What could happen in three years? (horizon September 2025+3)
Scenario | Outcome by Sep 2028 |
---|---|
Best | Revenue growth holds while costs normalize, lifting earnings consistency. Strong cash conversion supports incremental dividend increases and selective reinvestment. The stock earns a quality premium as low volatility and high ROE persist, with trading liquidity gradually improving. |
Base | Sales expand steadily but margin progress is gradual. Cash flow funds stable dividends and maintenance capex. Shares track fundamentals with modest multiple drift, delivering total returns mainly from earnings compounding and payouts. |
Worse | Persistent cost pressure and competitive pricing erode margins; working‑capital tightness forces a conservative stance. Dividend growth pauses to protect balance‑sheet flexibility, and the stock lags defensives given thin liquidity and subdued sponsorship. |
Projected scenarios are based on current trends and may vary based on market conditions.

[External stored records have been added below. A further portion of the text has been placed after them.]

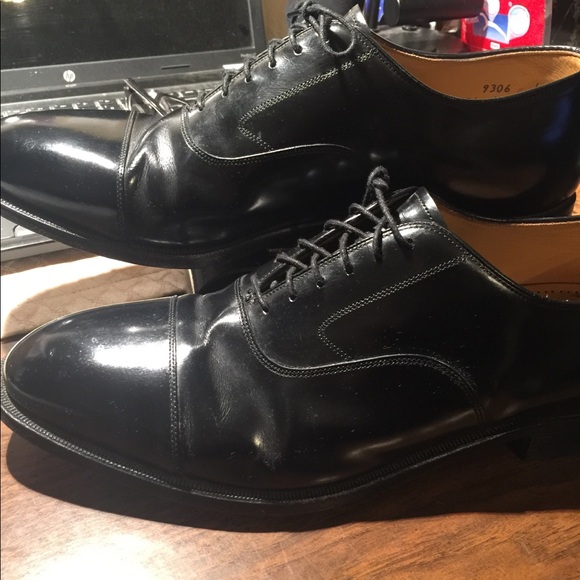 Johnston and Murphy men’s oxfords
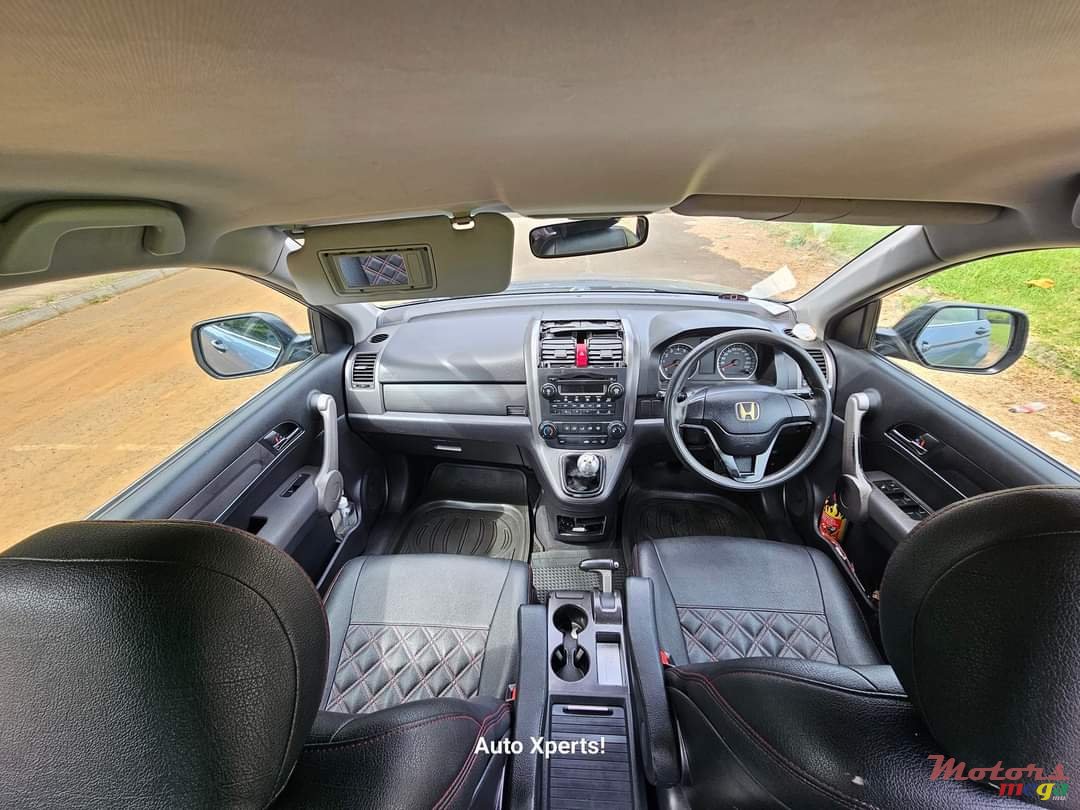 2007' Honda CR-V photo #5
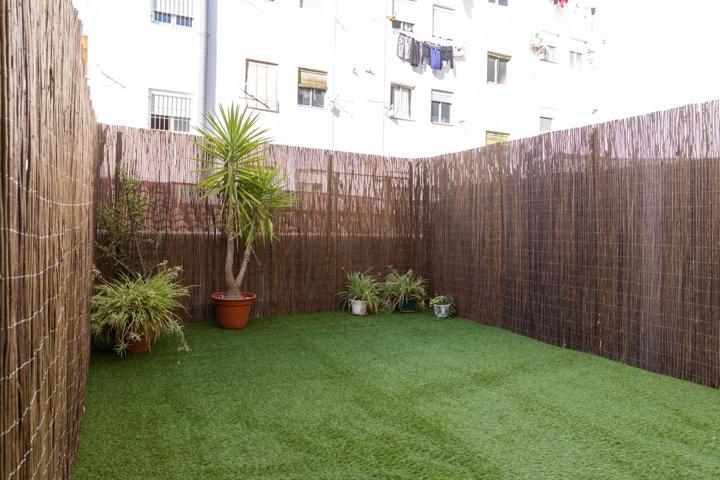 CL MARIANO ADAM.- Vivienda de salón, cocina, tres dormitorios dobles, baño y dos terrazas photo 0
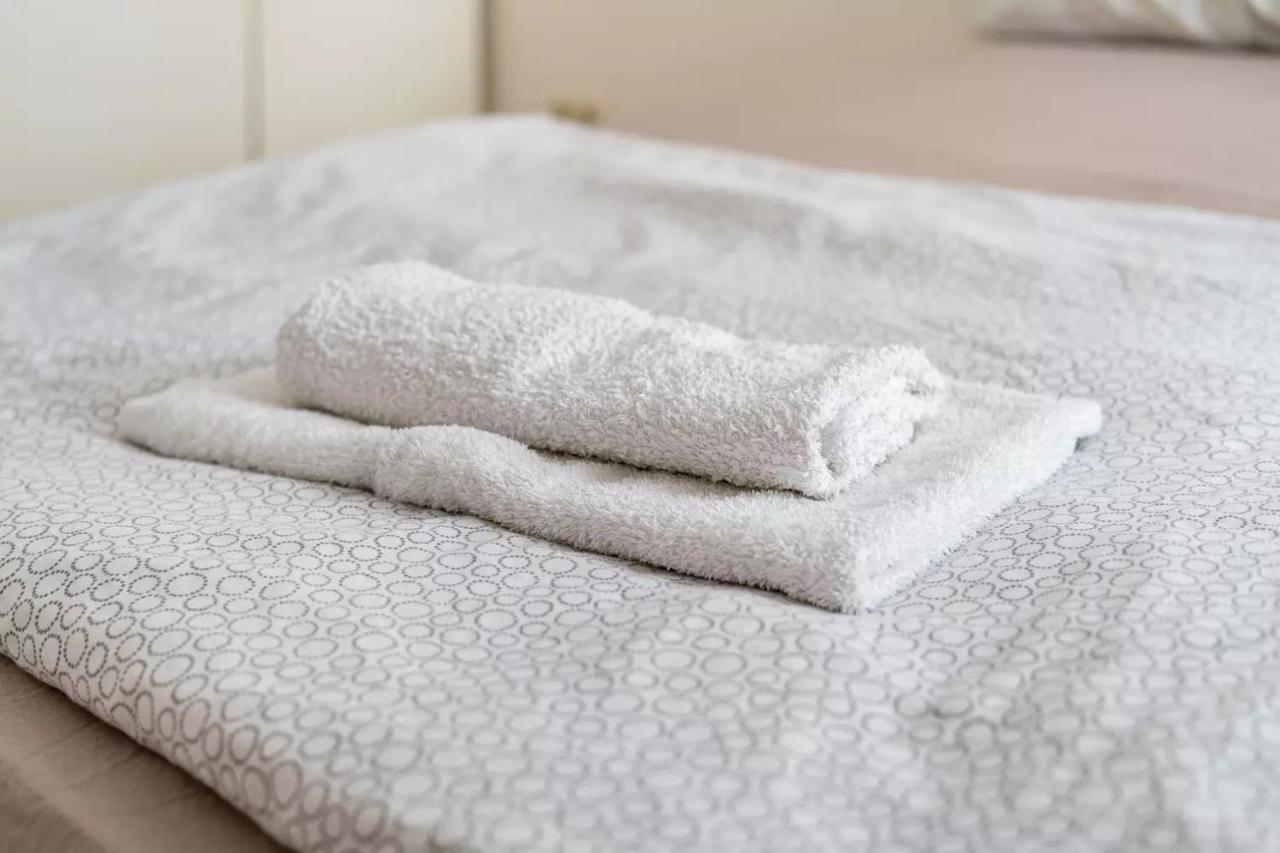 Next Home - Free Parking & Wifi - Badewanne Duisburg Bagian luar foto
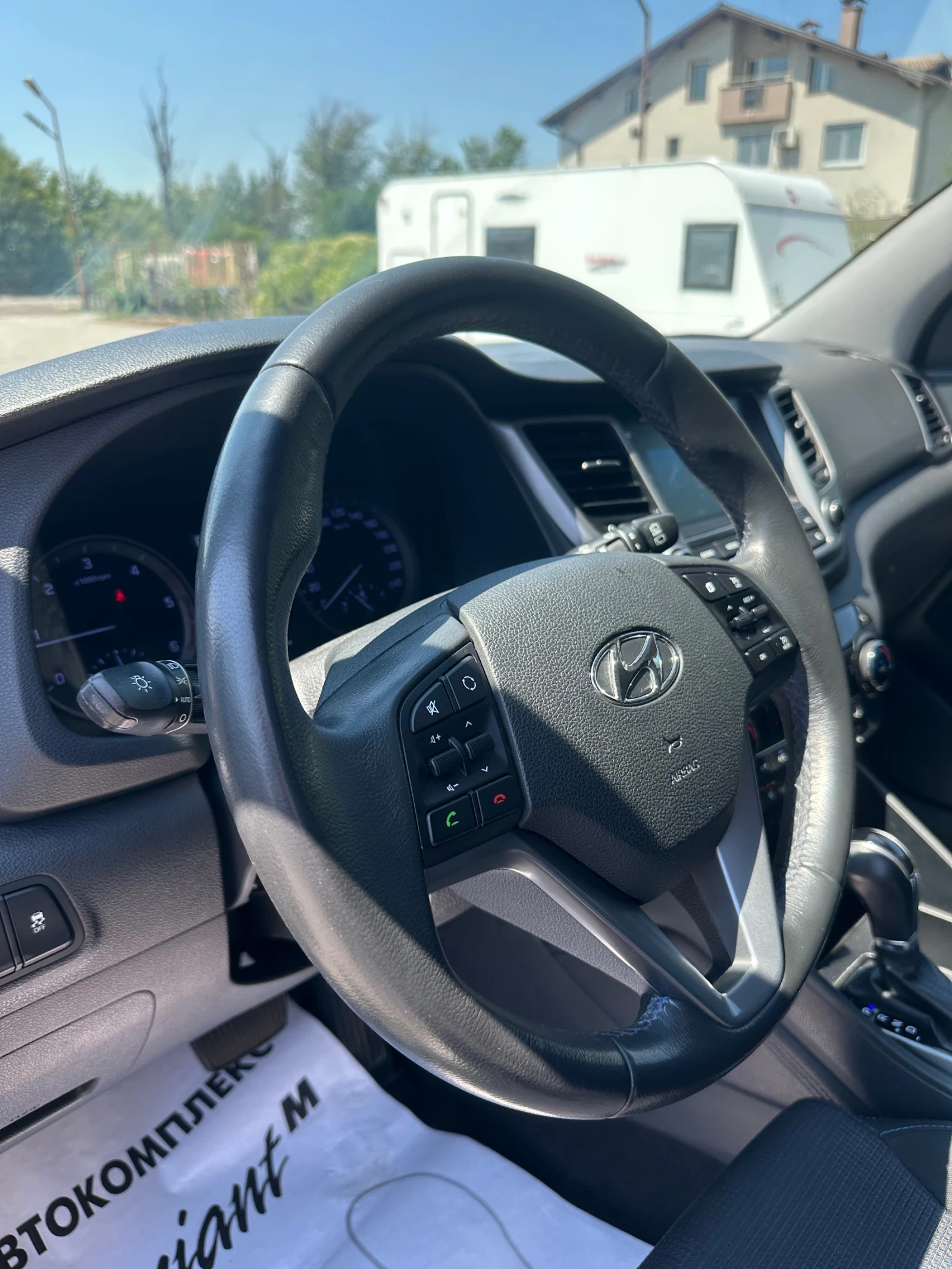 Hyundai Tucson 1.7CRDi* 140kc* xPossible ISG* , снимка 14 - Автомобили и джипове - 55613673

Factors most likely to influence the share price
- Margin trajectory vs. cost inflation (labor, logistics, utilities) and pricing intensity.

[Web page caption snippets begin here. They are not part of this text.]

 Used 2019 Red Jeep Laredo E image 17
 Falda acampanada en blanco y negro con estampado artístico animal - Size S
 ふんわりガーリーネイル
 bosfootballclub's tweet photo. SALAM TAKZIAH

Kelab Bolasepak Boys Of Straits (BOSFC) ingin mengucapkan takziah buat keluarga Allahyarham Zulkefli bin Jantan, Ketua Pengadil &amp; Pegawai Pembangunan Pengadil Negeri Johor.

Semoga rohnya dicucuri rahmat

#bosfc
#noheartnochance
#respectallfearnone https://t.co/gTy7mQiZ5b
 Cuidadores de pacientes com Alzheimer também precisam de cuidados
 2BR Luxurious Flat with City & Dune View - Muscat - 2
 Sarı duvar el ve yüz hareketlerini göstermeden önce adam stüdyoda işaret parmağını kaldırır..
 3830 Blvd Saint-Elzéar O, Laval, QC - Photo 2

- Cash conversion and working‑capital discipline given a current ratio of 0.94.
- Comparable sales momentum and mix effects on gross profit sustainability.
- Currency and macro sensitivity in core markets, affecting translation and demand.
- Capital allocation (dividends vs. reinvestment) relative to earnings stability and leverage.
- Liquidity/ownership structure on the OTC line, which can amplify volatility around news.
Conclusion
WMMVY’s three‑year setup is defined by steady revenue expansion, disciplined margins, and strong returns on capital, tempered by near‑term earnings softness and tight working capital. The business generates ample cash (68.07B operating cash flow) to fund a pragmatic dividend policy—forward yield 1.87% with a 39.98% payout—without overextending the balance sheet (debt/equity 36.21%). Share performance has stabilized near the low‑30s, with low beta signaling a defensive risk profile and thin OTC liquidity capping sponsorship. If earnings re‑align with top‑line growth and cost pressures ease, the combination of ROE resilience and cash discipline argues for a gradual re‑rating. Conversely, prolonged margin pressure could keep the stock range‑bound, with total returns relying on dividends and incremental EPS growth. On balance, WMMVY looks positioned for measured, compounding returns if execution remains consistent.
This article is not investment advice. Investing in stocks carries risks and you should conduct your own research before making any financial decisions.